Fihrist: Digital Scholarship inspired by a 10th-century Arabic source

Ms Yasmin Faghihi
Wednesday, 29 January 2020
Seminar

Bibliographies, catalogues and indices have been and still are integral to scholarship. Where technology has facilitated the evolution and transmission of knowledge, it has also imposed its challenges. Over a millennium after the composition of the Fihrist of [al-]Nadim, in an age where digital scholarship attempts to exceed what ink on paper has inaugurated, we are still facing some of the same basic questions around identity, attribution and authenticity. This presentation introduces the on-line catalogue FIHRIST, and how the work of this project relates to its 10th-century namesake. 

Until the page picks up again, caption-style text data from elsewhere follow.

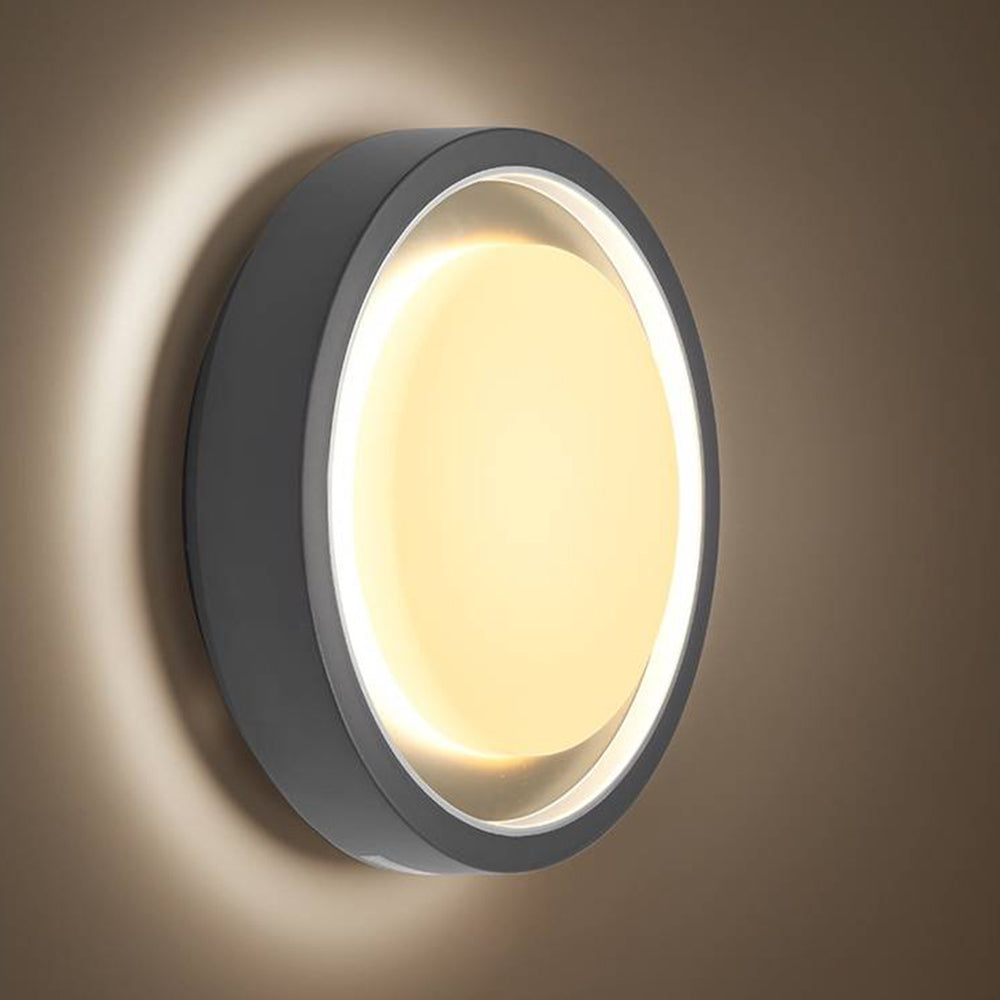 Ray Modern Circular Disc Shape Metal Outdoor Wall Lamp, Black - Neutral Decor
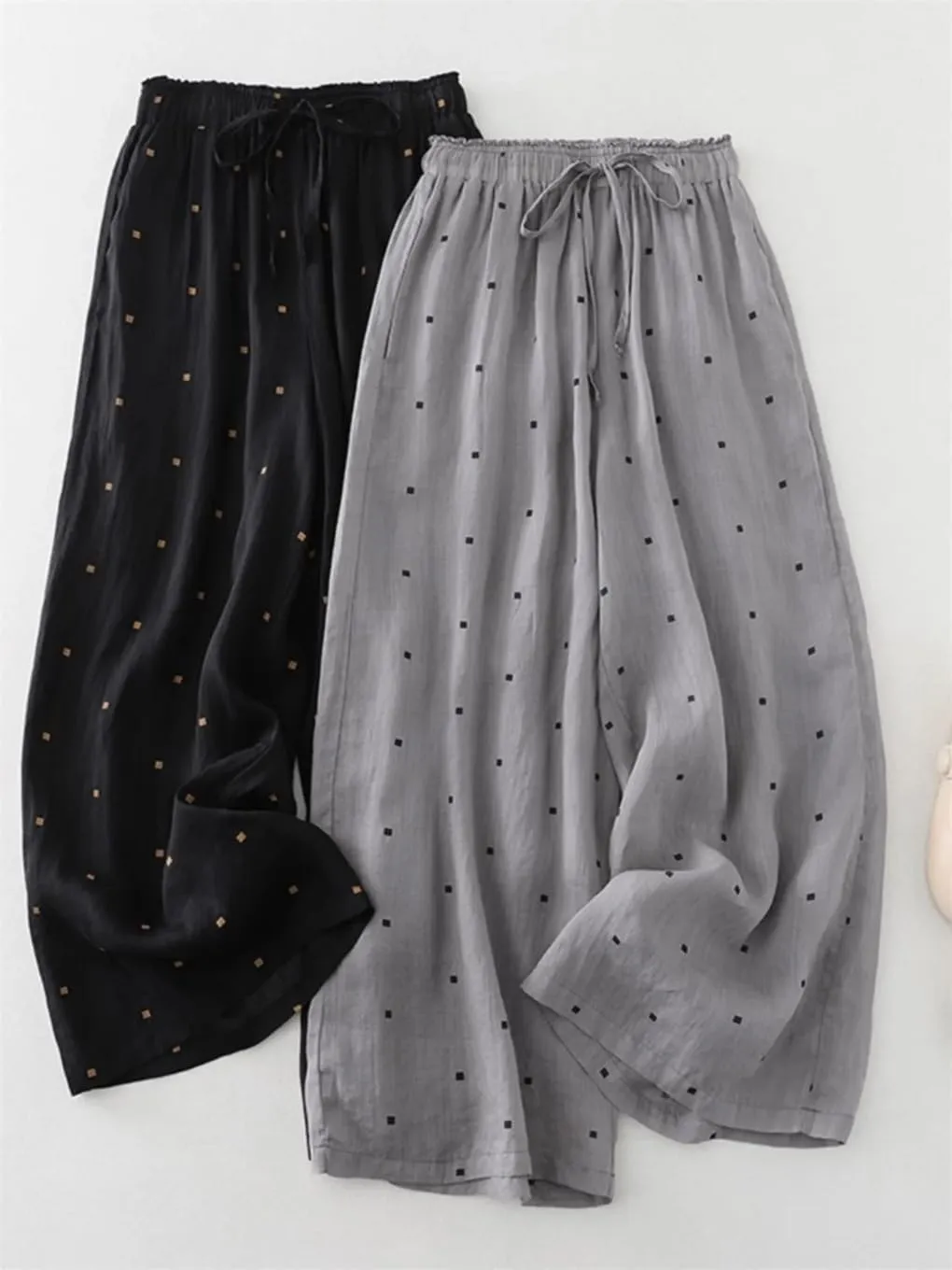 Bciopll Women's Summer Elastic Waist Casual Trousers Polka-Dot Wide-Leg Pants Loose Cotton Linen Pants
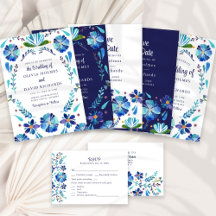 Blue Talavera Floral Mexican Wedding Collection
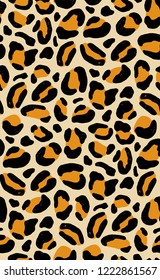 Elegant seamless pattern with leopard coat of fur texture. Decorative animal backdrop with spots. Bright colored vector illustration in flat style for wrapping paper, textile print, wallpaper.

Yasmin Faghihi has been Head of the Near and Middle Eastern Department at Cambridge University Library since 2004, in charge of printed and manuscript collections from the Islamicate world. Since 2009 Yasmin has been creating and coordinating contributions to the FIHRIST on-line catalogue of manuscripts. Yasmin teaches TEI for manuscript description and advocates the use of open source standards and the philosophy of sharing as intrinsic to the Digital Humanities. Her interest in manuscript studies emerged from studying an Arabic treatise on Medical Astrology and has evolved to include the history of collections and of papermaking in the Islamic world.